SUPERCONDUCTIVITY COMMUNICATIONS, No.4, Vol.1, Feb.1995, Article 12

STI社高温超伝導フィルターを出荷

  米国加州サンタバーバラに本拠地を置くベンチャー Superconductor Technologies Inc.(STI) 社は1994年12月19日、具体的社名を明かさなかったがアジアの電話会社に個人携帯電話用ネットワークのためのプロトタイプ恒温超伝導2GHzフィルターと低雑音増幅噐を出荷したことを表明した。電話会社によりシステムとして完成される。同社は、さらに、本年初頭には米国内無線地上局機器メーカーへ向けてのフィルターシステムの出荷が予定され、その完成が間近いことを明らかにした。
 同社社長D. Hu氏はこれに関連して「このフィルターはセルラー通信および個人通信(PCS/PCN)の両方にメリットがある。干渉あるいは雑音による信号劣化がある場合、我が社のフィルターはより明瞭な信号をえることに役立つ。しかも、非常にコンパクトなシステムだ。他社は政府コントラクトや研究組合を通じて第1号機の開発をしようとしているが、我が社はセルラーおよびPCS/PCN双方とも民間の指導的企業からの注文を受けて開発している。このためユーザーとの連携は密接で、技術的リードを確かなものとすることができた」と述べた。
 米国および多くの諸国ではPCS/PCNはまだ発達しはじめたばかりであるが、欧州諸国ではすでにこのネットワークが確立している。米国ではPCSがセルラー通信サービスの代替として開発されている。米国のセルラー通信は各マーケット地域に2つのサービス会社を置き,850MHz帯を使う。これに対し,PCSシステムは2GHz帯を使う。

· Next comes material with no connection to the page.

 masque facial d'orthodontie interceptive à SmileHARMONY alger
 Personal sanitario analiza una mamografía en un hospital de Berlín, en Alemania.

昨年12月 Federal Communication Commission は各地域ごと5社の電話(voice)サービス会社に対しPCS周波数帯のオークション販売を始めた。年率約30%で伸びている米国内セルラー通信機器に加えて,PCSサービス会社は今後数百億円にのぼる投資を行うことになっている。米国では新規電話番号設置の2/3が無線電話である。
 米国情報筋によれば多くのアジアおよび第三世界のマーケットは,米国内マーケットよりさらに有望である。その理由はこれらの国では地上線を使う電話網を経ずに,より包括的な無線通信ネットワーク構築に直接向かいつつあるからである。